Die Herausforderungen, vor denen die Landwirtschaft heute steht, sind nicht zu unterschätzen. Zunehmende Extremwetterereignisse machen mittlerweile 27 % der weltweit kultivierten Flächen jährlich zum Ziel von Wasserstaus, wie eine aktuelle Studie der Universität Kassel ergab. Diese Entwicklung macht es dringend notwendig, die vorhandenen Agrarmodelle zu verbessern, um eine klimaresiliente und nachhaltige Landwirtschaft zu gewährleisten.

Prof. Dr. Tobias K. D. Weber von der Universität Kassel warnt, dass aktuelle Modelle die temporären Überflutungen nicht zuverlässig abbilden. Im Rahmen des Agricultural Model Intercomparison and Improvement Project (AgMIP) untersuchte seine Studie 21 verschiedene Getreidemodelle und stellte fest, dass nur 24 % von ihnen die Wasserbewegung im Boden realistisch simulieren. Vor allem zentrale bodenphysikalische und biochemische Vorgänge bleiben oft unberücksichtigt. So sind beispielsweise die Prozesse der Bodenversalzung und die Belüftung im Wurzelraum in vielen Modellen nicht zufriedenstellend dargestellt. Gerade das macht es für Landwirte schwierig, belastbare Vorhersagen zu treffen.

Die Bedrohung durch Extremwetter

Die Zunahme von Extremwetterereignissen ist ein weit verbreitetes Phänomen.
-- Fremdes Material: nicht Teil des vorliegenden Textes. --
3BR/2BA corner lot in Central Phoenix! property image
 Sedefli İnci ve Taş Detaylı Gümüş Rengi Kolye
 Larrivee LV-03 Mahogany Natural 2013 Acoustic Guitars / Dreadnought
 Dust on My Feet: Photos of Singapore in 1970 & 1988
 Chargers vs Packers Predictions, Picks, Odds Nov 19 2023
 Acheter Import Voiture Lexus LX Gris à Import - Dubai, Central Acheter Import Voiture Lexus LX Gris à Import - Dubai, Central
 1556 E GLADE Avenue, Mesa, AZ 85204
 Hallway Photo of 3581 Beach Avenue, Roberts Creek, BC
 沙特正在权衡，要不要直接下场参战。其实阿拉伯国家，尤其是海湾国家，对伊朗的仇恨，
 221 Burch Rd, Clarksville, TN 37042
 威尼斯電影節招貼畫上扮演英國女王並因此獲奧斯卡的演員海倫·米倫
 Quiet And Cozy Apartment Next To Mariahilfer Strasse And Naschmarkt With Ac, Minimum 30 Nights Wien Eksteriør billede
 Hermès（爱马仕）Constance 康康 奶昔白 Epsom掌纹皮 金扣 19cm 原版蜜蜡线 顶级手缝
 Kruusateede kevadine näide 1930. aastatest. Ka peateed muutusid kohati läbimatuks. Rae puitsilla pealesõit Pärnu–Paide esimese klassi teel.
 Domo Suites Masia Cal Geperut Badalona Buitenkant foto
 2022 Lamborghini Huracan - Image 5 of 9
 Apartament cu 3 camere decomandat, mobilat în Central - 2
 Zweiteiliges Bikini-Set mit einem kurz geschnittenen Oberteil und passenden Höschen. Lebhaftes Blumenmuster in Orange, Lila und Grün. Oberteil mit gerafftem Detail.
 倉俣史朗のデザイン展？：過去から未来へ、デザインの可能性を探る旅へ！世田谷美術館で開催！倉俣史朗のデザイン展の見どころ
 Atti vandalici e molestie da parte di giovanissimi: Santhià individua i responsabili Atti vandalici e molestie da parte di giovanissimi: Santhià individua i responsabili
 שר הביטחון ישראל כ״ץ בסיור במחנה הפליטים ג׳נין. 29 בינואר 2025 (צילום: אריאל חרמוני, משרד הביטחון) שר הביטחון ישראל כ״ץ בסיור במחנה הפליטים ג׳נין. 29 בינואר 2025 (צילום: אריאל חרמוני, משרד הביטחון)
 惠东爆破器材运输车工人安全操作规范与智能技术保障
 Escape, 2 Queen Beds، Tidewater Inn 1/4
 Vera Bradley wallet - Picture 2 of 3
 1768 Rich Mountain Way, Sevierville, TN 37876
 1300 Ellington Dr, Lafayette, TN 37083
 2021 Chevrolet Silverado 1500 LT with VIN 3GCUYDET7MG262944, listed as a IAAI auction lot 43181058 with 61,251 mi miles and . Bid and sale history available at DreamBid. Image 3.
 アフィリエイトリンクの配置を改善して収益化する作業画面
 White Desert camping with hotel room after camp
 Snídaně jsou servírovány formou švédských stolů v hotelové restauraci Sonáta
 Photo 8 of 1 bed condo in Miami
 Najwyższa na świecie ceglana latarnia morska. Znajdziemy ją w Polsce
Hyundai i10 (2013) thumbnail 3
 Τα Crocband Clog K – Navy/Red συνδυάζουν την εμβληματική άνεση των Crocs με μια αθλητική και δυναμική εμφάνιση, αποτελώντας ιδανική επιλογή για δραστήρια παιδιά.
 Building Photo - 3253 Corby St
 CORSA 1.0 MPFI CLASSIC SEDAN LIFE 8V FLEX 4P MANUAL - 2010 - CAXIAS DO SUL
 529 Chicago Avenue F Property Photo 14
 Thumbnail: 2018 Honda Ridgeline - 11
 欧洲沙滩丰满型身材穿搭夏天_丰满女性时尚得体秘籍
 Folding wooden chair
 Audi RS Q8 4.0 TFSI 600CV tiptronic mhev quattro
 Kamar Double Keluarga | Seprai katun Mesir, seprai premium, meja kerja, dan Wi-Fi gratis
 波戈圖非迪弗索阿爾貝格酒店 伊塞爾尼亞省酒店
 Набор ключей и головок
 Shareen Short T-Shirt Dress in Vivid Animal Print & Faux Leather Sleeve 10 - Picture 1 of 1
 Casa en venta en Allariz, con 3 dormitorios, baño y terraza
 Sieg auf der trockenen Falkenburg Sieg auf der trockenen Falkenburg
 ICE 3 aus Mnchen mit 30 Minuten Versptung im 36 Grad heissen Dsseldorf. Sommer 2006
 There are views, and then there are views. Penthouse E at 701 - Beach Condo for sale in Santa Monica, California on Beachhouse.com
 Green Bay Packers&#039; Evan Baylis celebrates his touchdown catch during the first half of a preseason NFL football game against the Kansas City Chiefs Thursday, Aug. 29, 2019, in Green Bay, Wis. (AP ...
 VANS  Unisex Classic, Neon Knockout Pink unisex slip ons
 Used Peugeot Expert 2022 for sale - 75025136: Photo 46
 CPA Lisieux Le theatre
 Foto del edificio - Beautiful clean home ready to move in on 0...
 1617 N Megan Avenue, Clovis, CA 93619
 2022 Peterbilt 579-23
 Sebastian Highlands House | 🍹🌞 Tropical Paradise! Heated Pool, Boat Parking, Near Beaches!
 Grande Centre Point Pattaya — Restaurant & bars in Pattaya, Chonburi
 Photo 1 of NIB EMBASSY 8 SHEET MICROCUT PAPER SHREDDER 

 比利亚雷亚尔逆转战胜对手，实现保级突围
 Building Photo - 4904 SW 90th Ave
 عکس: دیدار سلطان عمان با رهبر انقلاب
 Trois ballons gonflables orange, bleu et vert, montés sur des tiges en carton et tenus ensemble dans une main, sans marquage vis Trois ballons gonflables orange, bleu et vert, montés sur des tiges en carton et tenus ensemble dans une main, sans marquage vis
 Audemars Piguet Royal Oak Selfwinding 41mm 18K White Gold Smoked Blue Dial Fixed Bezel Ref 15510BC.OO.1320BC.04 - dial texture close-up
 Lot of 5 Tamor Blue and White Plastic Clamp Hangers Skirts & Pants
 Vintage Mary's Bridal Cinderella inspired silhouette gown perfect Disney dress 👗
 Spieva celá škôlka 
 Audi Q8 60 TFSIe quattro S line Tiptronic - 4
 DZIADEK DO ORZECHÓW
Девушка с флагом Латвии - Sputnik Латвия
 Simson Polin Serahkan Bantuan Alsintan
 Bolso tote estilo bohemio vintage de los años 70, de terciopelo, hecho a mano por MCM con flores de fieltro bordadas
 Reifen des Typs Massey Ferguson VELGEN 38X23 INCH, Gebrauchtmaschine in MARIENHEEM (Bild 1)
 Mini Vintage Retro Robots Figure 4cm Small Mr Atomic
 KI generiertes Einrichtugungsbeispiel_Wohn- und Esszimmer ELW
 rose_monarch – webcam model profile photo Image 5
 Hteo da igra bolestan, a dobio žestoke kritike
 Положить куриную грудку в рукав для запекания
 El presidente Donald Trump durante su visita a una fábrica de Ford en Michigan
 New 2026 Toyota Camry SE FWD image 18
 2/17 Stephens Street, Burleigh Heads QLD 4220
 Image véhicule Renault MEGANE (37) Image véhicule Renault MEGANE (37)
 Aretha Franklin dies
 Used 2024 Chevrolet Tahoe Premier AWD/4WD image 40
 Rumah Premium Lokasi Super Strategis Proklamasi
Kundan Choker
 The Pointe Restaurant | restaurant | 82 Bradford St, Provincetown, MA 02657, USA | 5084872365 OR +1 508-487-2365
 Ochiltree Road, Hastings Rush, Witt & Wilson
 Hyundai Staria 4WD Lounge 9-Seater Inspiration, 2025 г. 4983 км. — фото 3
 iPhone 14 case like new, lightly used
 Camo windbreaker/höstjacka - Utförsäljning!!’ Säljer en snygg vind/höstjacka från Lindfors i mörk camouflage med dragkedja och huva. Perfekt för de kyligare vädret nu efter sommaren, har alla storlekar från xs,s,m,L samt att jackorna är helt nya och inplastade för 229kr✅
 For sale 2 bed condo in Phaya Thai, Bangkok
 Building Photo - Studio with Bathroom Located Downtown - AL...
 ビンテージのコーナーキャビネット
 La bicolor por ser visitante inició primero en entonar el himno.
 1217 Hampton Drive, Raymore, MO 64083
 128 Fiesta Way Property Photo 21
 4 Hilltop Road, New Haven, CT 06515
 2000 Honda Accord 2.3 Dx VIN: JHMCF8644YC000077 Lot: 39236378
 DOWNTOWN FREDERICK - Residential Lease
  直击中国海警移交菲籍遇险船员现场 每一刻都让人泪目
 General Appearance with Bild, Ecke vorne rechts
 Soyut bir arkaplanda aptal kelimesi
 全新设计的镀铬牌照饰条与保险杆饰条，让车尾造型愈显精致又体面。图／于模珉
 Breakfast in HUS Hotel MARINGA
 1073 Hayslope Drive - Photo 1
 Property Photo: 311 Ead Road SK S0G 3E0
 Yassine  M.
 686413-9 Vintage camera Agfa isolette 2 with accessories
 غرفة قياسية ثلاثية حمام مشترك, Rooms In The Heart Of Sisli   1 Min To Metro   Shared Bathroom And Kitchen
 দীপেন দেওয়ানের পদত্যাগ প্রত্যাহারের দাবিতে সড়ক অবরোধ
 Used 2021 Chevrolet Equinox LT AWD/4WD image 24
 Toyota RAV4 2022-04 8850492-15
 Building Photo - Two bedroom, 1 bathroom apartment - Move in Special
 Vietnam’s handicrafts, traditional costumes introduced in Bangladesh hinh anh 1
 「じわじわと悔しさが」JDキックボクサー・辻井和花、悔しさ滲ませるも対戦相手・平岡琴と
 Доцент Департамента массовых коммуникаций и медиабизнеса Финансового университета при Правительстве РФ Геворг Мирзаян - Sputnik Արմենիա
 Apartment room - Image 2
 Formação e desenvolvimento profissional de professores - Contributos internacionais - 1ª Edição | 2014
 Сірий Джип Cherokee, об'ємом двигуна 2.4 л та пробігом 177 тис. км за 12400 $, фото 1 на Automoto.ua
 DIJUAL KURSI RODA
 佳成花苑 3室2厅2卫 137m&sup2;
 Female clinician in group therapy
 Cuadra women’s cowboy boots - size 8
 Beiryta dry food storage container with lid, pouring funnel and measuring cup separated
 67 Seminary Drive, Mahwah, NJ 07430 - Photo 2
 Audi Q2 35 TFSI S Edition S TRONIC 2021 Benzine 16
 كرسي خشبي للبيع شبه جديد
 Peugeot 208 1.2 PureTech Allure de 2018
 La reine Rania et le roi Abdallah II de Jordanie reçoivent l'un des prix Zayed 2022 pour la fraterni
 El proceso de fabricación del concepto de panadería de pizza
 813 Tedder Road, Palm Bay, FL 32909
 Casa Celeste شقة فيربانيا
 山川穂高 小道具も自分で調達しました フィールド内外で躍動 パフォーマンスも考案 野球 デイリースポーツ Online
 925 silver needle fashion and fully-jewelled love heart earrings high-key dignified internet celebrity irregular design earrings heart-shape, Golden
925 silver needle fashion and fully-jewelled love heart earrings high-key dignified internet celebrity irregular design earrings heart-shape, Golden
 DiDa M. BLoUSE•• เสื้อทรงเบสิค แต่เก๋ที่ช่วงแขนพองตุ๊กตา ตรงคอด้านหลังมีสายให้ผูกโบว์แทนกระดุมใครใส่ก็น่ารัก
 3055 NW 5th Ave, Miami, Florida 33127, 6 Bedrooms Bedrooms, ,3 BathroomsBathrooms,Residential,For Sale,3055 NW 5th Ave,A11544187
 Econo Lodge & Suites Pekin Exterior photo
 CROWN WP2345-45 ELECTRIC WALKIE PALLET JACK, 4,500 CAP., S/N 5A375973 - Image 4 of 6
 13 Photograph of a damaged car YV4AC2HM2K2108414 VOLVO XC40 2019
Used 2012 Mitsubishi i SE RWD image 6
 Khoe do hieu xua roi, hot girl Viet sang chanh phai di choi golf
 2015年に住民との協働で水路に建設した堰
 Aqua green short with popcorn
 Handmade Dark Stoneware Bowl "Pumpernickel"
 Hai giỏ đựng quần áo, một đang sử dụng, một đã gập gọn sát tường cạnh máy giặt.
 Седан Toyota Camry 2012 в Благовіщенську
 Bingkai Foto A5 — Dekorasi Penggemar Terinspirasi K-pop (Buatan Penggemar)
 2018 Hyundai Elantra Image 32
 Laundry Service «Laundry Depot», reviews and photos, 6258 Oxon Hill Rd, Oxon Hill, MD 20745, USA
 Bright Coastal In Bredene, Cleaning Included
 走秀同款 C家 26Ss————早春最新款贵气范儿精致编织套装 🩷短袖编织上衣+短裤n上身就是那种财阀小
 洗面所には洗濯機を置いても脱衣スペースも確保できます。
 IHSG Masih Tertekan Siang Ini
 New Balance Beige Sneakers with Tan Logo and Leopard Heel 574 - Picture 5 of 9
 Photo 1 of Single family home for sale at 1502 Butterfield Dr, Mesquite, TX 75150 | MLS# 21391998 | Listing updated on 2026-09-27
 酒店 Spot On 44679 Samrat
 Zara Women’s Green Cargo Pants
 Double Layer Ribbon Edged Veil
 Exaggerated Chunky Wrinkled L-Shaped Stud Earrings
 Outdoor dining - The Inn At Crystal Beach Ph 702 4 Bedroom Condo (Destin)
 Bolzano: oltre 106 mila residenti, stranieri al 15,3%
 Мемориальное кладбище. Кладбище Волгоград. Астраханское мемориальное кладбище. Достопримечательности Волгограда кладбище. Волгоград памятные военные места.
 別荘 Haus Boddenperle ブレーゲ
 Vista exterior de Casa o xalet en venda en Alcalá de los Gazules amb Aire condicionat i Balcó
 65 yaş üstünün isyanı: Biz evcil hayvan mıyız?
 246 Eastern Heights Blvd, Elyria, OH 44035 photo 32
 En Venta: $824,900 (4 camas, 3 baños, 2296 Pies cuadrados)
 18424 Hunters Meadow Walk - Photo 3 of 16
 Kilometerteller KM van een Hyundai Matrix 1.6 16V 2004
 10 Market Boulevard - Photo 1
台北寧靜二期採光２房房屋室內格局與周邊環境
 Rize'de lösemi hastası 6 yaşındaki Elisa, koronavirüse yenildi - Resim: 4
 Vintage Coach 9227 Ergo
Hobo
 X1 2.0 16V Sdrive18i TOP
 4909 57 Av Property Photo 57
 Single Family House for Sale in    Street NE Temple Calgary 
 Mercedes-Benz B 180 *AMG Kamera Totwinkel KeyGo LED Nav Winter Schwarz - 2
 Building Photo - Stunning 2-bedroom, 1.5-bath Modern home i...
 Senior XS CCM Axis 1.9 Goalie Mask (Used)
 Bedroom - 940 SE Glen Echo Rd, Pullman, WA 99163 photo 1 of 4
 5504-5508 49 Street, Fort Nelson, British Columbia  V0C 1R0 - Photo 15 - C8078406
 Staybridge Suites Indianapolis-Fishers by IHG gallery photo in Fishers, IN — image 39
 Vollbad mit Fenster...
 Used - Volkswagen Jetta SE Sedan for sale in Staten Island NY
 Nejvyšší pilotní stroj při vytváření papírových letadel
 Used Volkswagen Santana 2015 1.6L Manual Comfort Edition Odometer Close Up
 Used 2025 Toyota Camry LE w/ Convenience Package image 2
Ein Bericht des Weltklimarats (IPCC) aus August 2021 zeigt, dass die Oberflächentemperatur der Erde in den letzten 2000 Jahren so schnell angestiegen ist wie nie zuvor. Während Sommerhitze und Starkregen zunahmen, geraten insbesondere landwirtschaftliche Betriebe unter Druck. Eine Analyse zu den Hochwässern in Deutschland, die 2021 über 180 Menschen das Leben kosteten, zeigt, dass die Häufigkeit solcher Ereignisse durch den Klimawandel stark ansteigt. Starkregenfälle wurden um das 1,2- bis 9-fache wahrscheinlicher.

Die aktuelle Studie aus Kassel hebt hervor, dass viele Modelle die physiologischen Reaktionen von Pflanzen auf Wasserstau nur unzureichend erfassen. Mechanismen, die die Resilienz von Pflanzen nach Wasserstress betreffen, fehlen in den meisten Modellen. Dies führt zu einer systematischen Fehleinschätzung der Auswirkungen des Klimawandels auf die Landwirtschaft, was unabdingbar höhere Risiken für die Erträge zur Folge hat.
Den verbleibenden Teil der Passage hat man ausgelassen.